▶ What is needed
The reply to the records below should contain exactly the lines from the line with "Избитый полицейский в Алматы" through the line with "Broasca capota audi a4 b7 8e 8e0823509c", and nothing besides.

▶ Data for this task













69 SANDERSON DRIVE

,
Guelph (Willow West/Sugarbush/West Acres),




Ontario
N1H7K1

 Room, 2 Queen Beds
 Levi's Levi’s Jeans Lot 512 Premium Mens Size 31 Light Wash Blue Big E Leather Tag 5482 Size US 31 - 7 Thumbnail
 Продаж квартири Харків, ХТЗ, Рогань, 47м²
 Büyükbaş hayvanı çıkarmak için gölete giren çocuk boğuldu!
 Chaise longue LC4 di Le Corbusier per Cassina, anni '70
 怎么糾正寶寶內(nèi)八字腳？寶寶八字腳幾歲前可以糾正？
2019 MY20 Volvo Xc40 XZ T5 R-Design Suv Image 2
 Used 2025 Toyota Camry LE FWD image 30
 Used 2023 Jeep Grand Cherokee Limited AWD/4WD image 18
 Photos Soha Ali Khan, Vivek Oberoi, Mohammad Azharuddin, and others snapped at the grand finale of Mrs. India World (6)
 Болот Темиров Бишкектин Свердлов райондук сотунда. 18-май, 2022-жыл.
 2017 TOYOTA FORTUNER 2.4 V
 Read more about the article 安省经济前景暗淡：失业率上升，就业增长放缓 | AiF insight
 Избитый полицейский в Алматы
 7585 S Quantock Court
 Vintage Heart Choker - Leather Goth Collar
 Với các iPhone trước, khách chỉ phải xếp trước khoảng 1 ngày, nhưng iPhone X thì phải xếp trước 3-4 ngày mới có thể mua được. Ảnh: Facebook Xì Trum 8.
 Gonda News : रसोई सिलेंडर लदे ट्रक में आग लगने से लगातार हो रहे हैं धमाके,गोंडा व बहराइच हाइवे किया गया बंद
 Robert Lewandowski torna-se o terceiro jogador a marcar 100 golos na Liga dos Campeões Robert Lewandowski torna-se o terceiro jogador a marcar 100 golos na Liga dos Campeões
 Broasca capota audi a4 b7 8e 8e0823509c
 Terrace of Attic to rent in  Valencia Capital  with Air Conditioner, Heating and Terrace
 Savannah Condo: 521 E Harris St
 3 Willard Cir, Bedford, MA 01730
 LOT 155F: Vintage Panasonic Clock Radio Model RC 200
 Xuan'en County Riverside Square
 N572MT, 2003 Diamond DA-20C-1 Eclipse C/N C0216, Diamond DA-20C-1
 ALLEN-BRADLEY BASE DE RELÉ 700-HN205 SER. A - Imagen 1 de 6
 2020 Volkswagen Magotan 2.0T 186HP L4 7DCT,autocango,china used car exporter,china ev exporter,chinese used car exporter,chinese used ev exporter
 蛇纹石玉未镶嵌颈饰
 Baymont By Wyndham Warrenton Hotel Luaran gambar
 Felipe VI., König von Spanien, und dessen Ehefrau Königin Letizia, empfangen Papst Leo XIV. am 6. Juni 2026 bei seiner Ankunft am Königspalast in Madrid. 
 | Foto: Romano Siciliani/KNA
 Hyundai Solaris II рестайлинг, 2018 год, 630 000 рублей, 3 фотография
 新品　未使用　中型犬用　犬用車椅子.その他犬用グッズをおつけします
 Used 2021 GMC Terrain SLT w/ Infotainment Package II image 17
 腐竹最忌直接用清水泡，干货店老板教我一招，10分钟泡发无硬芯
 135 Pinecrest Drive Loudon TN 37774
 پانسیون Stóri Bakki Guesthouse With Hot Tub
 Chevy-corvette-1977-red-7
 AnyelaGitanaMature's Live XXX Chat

▶ Output below
 Избитый полицейский в Алматы
 7585 S Quantock Court
 Vintage Heart Choker - Leather Goth Collar
 Với các iPhone trước, khách chỉ phải xếp trước khoảng 1 ngày, nhưng iPhone X thì phải xếp trước 3-4 ngày mới có thể mua được. Ảnh: Facebook Xì Trum 8.
 Gonda News : रसोई सिलेंडर लदे ट्रक में आग लगने से लगातार हो रहे हैं धमाके,गोंडा व बहराइच हाइवे किया गया बंद
 Robert Lewandowski torna-se o terceiro jogador a marcar 100 golos na Liga dos Campeões Robert Lewandowski torna-se o terceiro jogador a marcar 100 golos na Liga dos Campeões
 Broasca capota audi a4 b7 8e 8e0823509c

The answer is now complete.